Background: Some gastric adenomas may progress to adenocarcinoma in a short time, but others remain as adenoma for a long time.
Methods: Among 1138 cases diagnosed as adenoma by biopsy at Kure Medical Association Hospital between 1990 and 2010, 51 adenomas were enrolled. Of these, 28 adenomas (group A) were followed for 60 months or longer with no progression to adenocarcinoma within 60 months, and the other 23 adenomas (group B) were upgraded to carcinoma by consecutive biopsies performed within 1 year after the first biopsy. These adenomas were compared clinicopathologically and immunohistochemically.

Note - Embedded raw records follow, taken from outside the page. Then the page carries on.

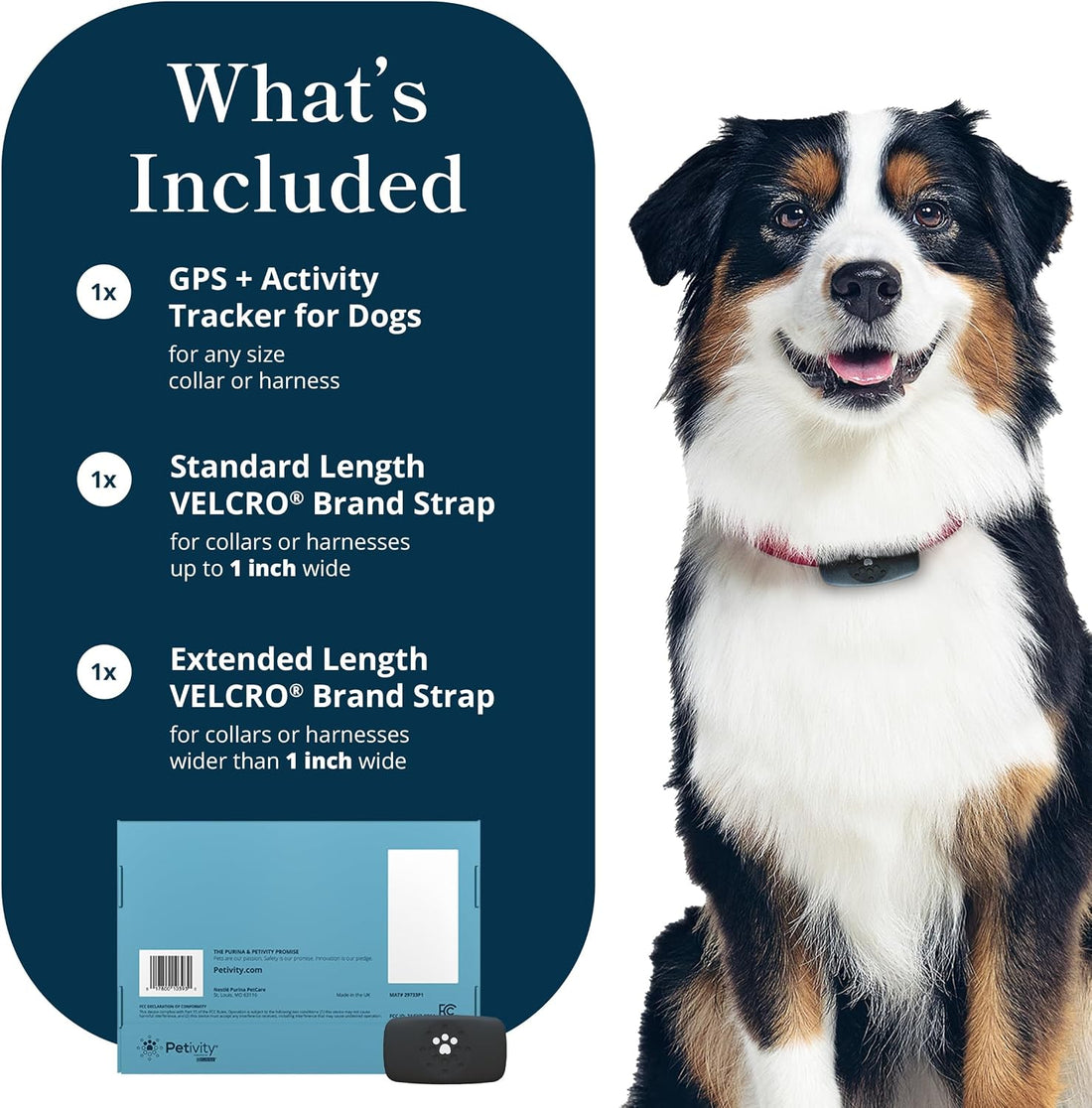Petivity Smart GPS and Activity Dog Tracker Tag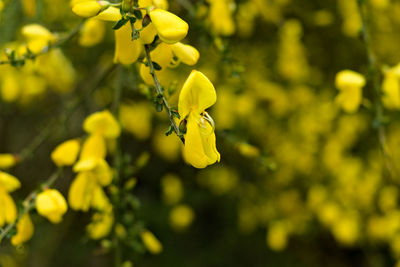 Close-up of yellow flowering plant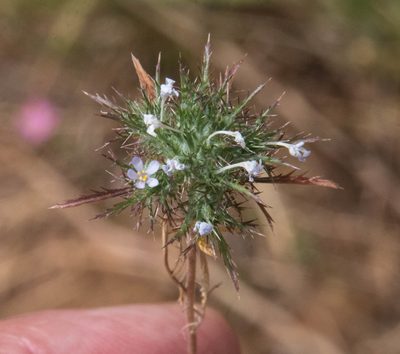 Navarretia tagetina, photographed by Don Loarie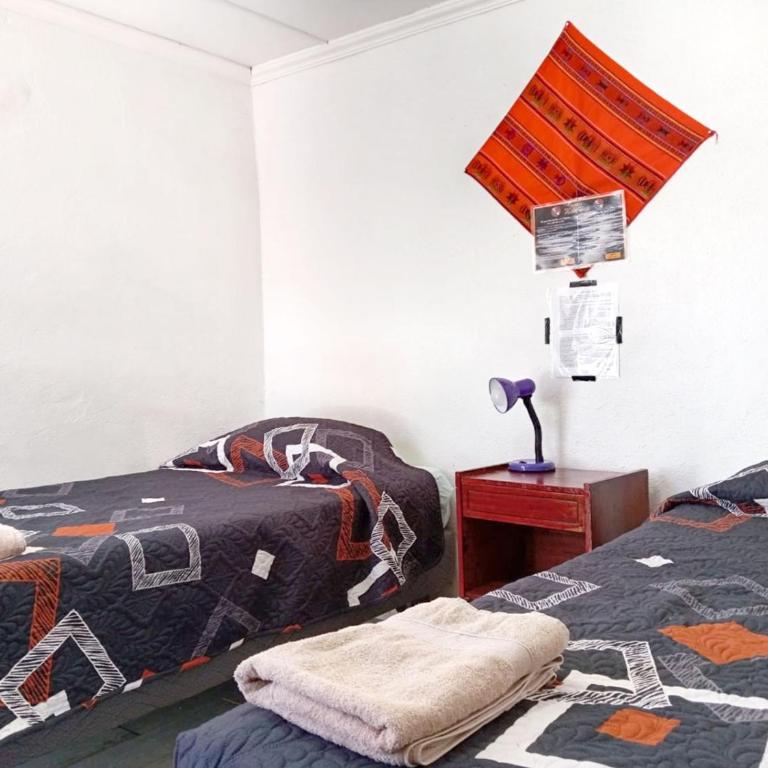 Misky Wasi - Bed in Male Dormitory Room - 11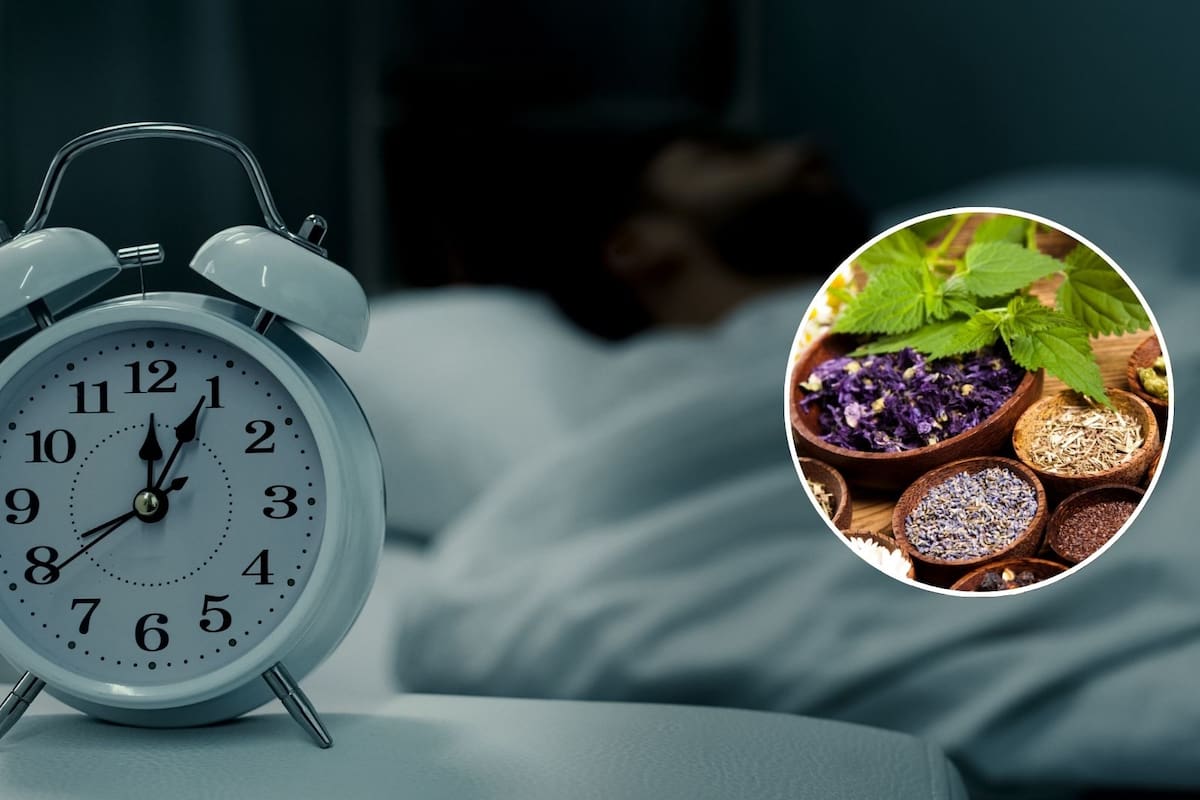 Remedios naturales que combaten el insomnio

Results: Macroscopically, the mean size of group B adenomas was significantly larger than that of group A adenomas (18.6 vs. 9.9 mm) at the first biopsy. The frequency of a depressed area in the adenoma was significantly higher in group B than group A. Microscopically none of group A but 7 (30.4%) of 23 group B adenomas showed severe atypia. Each of a highly proliferative gland measured by Ki-67 labeling, cellular atypical grade, gastric phenotype defined by MUC5AC and MUC6 and CD204-positive tumor-associated macrophage (TAM) was a significant risk factor for adenocarcinoma development in gastric adenoma by univariate analysis. Only moderate or severe atypia of adenoma cells and the TAM number in the stroma of adenomas were independent risk factors by multivariate analysis.
Conclusions: As independent risk factors, cellular atypia may reconfirm the importance of morphological analysis, and the TAM number may indicate the significance of TAM function in gastric adenoma.
Keywords: Adenoma-carcinoma sequence; Gastric adenoma; Tumor-associated macrophages.